You and your friends are trying to get into a nightclub, but the club has a dress code that doesn't allow people wearing shorts to enter. Your friend is wearing shorts, so the bouncer won't let him in. You beg the bouncer:
Can't you make an exception just this once?
You can ask "Can't you ___?" instead of "Can you ___?" when you're not just asking a question, but trying to convince someone to do something. In the example above, you're trying to convince the bouncer to let your friend in. In the following example, you're trying to convince your son, who's playing a noisy game, to play in another room so that it doesn't distract you:
Can't you do that in the other room?
The tone of the first example, "Can't you make an exception...?" is polite. The tone of the second is annoyed. But both of them are used to try to convince the listener.

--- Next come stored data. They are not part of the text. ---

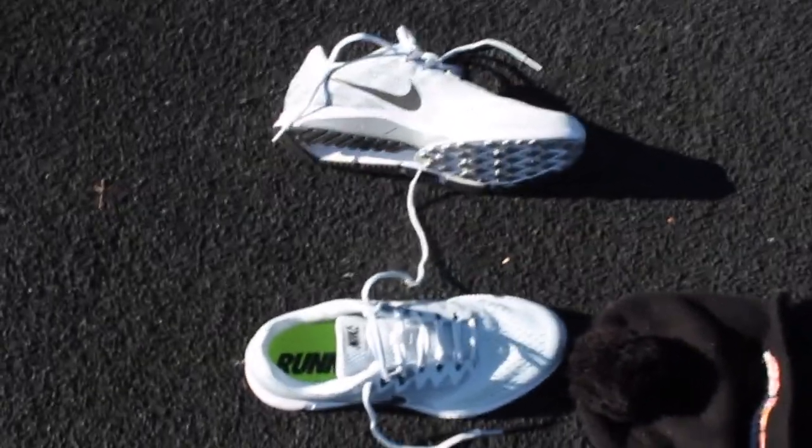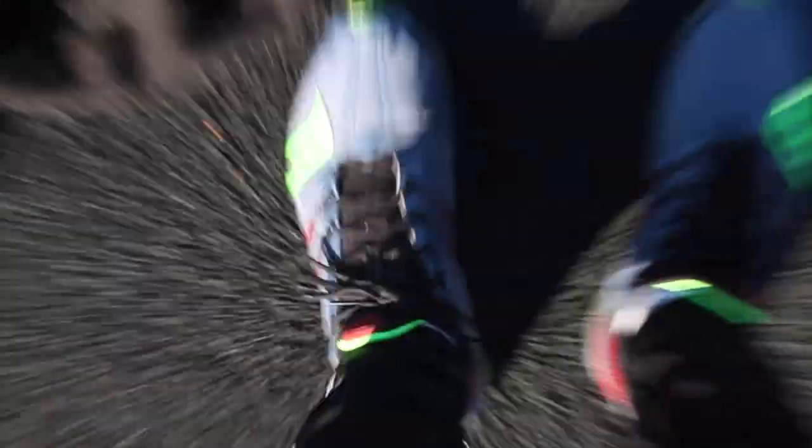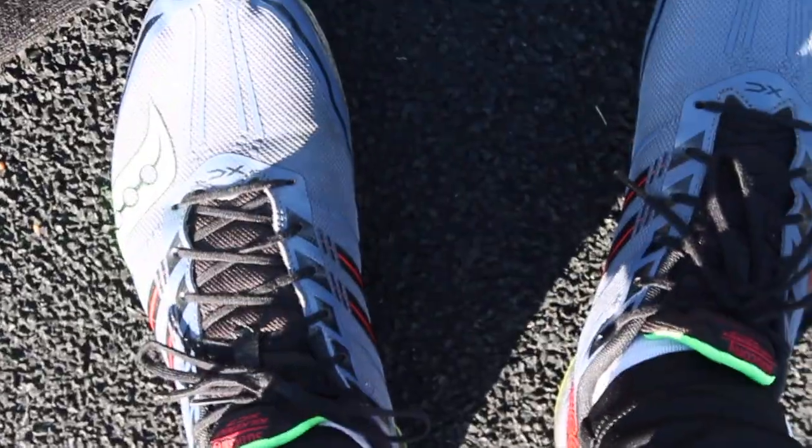Just ran off a 5:10 mile in my new shoes. Right now I'm wearing my cross-country spikes and I'm going to go hit some 200s.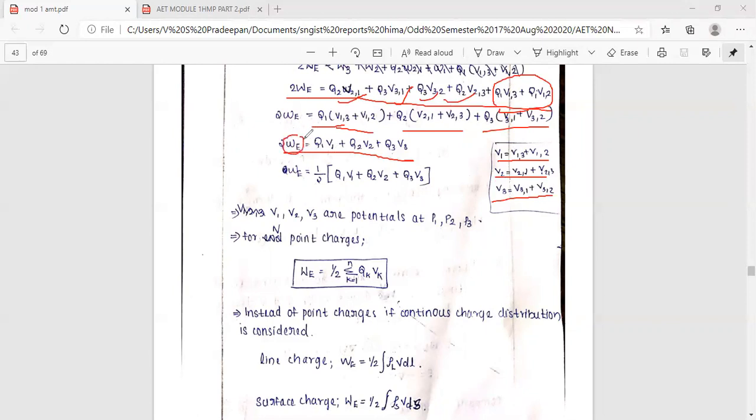So V1 equals V1,3 plus V1,2, V2 equals V2,1 plus V2,3, and V3 equals V3,1 plus V3,2. Therefore, 2W equals Q1V1 plus Q2V2 plus Q3V3, giving the total energy W at points P1, P2, P3.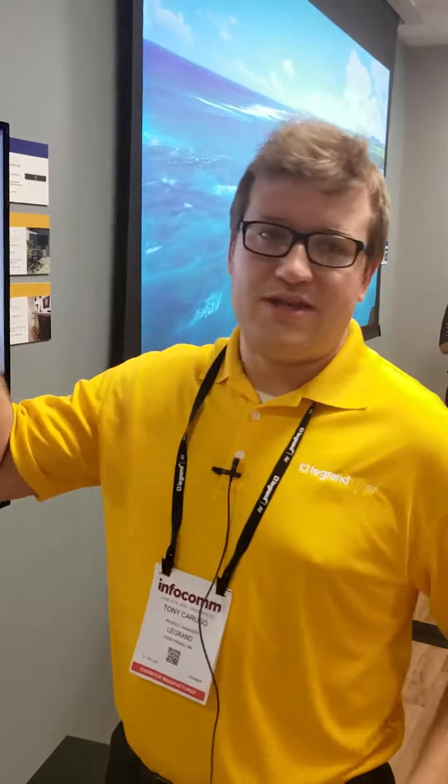Hey everybody, it's Tony Cruso here at InfoComm 2019 in the Chief Booth to tell you about our flat panel floor support system. We talked to a lot of people that do the design and integration of large conference room rollouts, and one of their primary pain points was having to deal with the inspection and potentially reinforcement of those walls in order to support the display.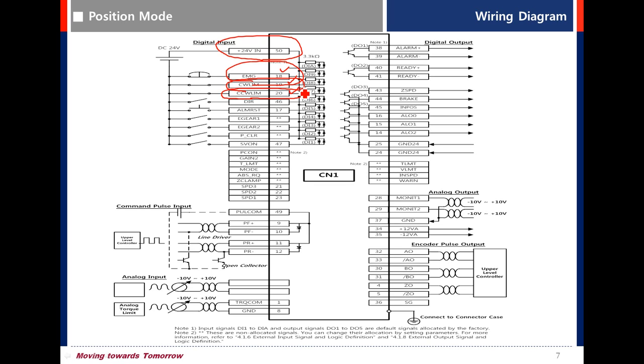If you do not wire this function, you can change it to normally open. Also, wire the servo-on signal to pin 47.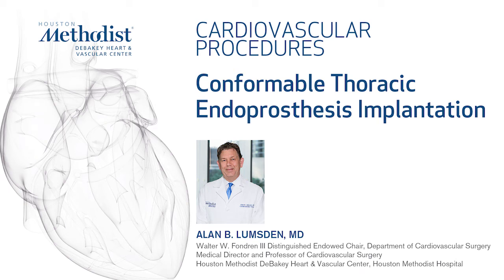This is a presentation of treatment of chronic dissection with aneurysmal degeneration using three conformable thoracic endoprostheses.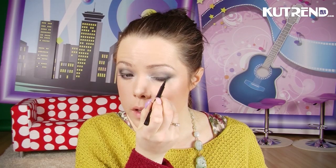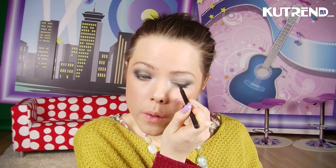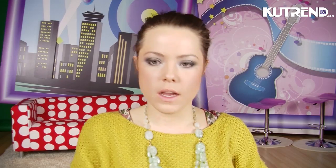So now my eyeshadow is all done and it's all smoky — Snooki style. I'm going to add a black liquid eyeliner and I'm just going to add it right to the lash line here. I don't want it too prominent because the look is all very smoky. And then I'm going to use a black eye pencil to line the inside of my eye.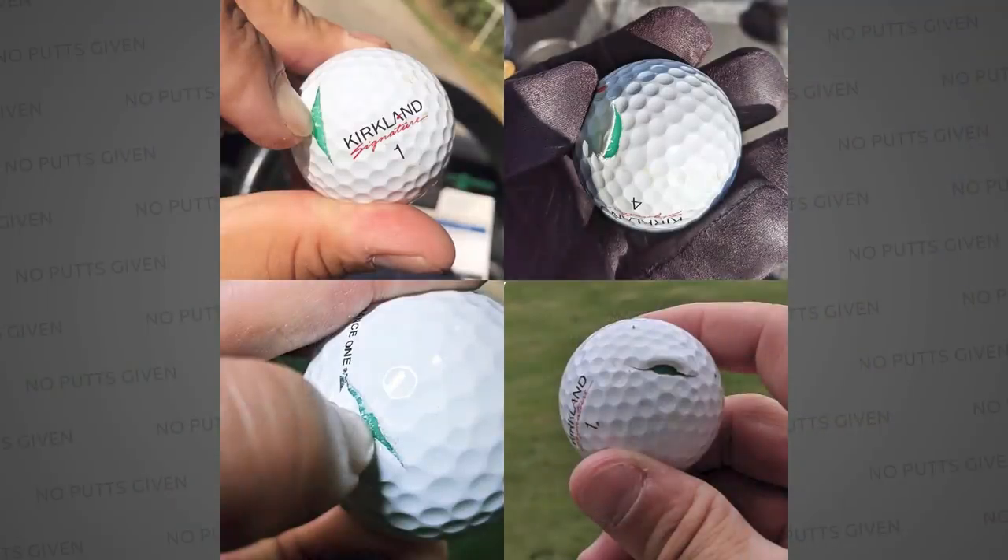We've seen a durability issue not just in our own testing but from a lot of people who are getting the ball for the very first time and getting their first few rounds with it. It's a durability issue with the cover that I haven't seen since a Titleist Balata. Multiple people are sending us pictures with these smiley face cuts — I've never seen a ball in the modern era, the last 10 to 20 years, cut this easily.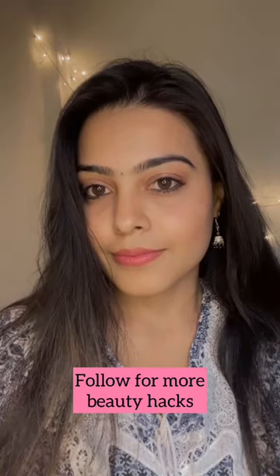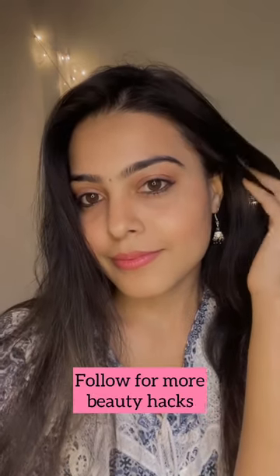And yeah, here you go with a perfect kajal look! Hope you like this video. Please subscribe to my channel and follow for more beauty hacks.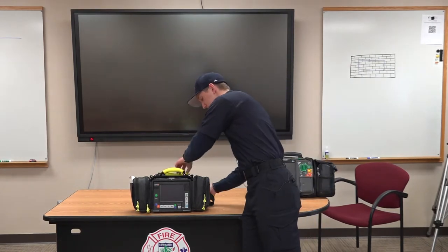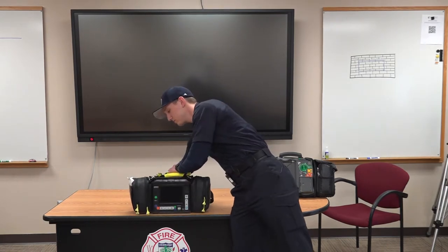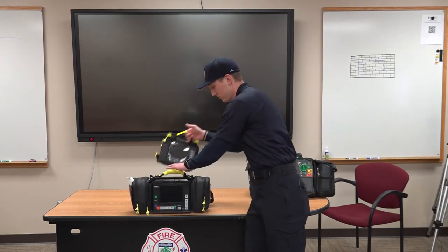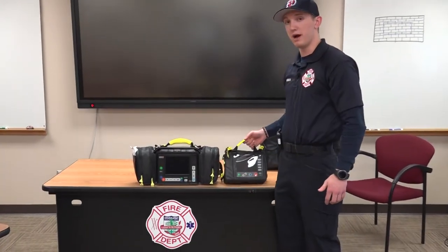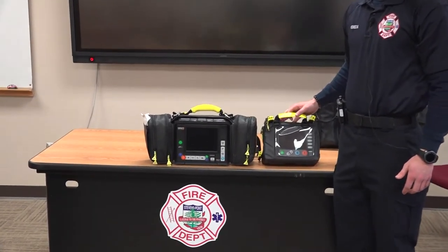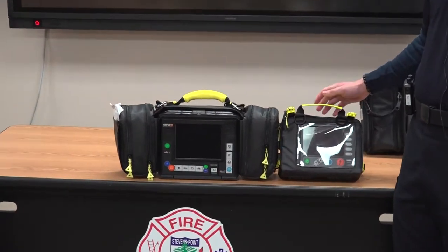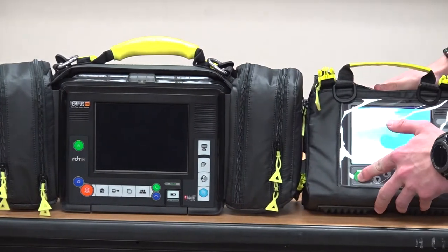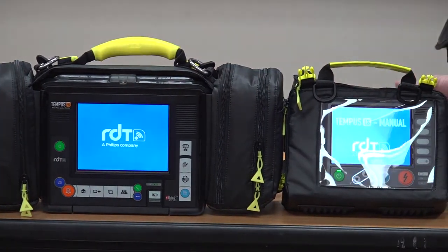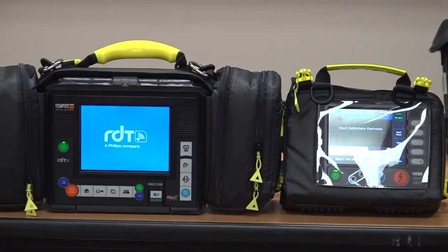I'll show you how you disconnect them. This is the defibrillator. Both of these combined weigh about 6.5 pounds. To turn them on, all you need to do is press and hold the green button on each one. It does take a little bit of time for them to boot up.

When you're trying to convince someone to do something that they don't want to do, one way to persuade them is to say that it's "just this once". It means that they only have to do it one time. In the future, they won't have to do it again. People use this phrase a lot when asking for favorsfrom people. Like when you want to borrow money from a family member:
Can you loan me a couple hundred bucks? Please, just this once.
If you make or enforce a rule, but you break it one time because of a special situation, you're "making an exception" for that person.
For example, if a teacher has a rule that homework has to be submitted by a certain date, he can "make an exception" for a certain student whose computer broke.
Use "for ___" to indicate theperson who is allowed to break the rule:
I don't usually give my number out to people I've just met, but for you I'll make an exception.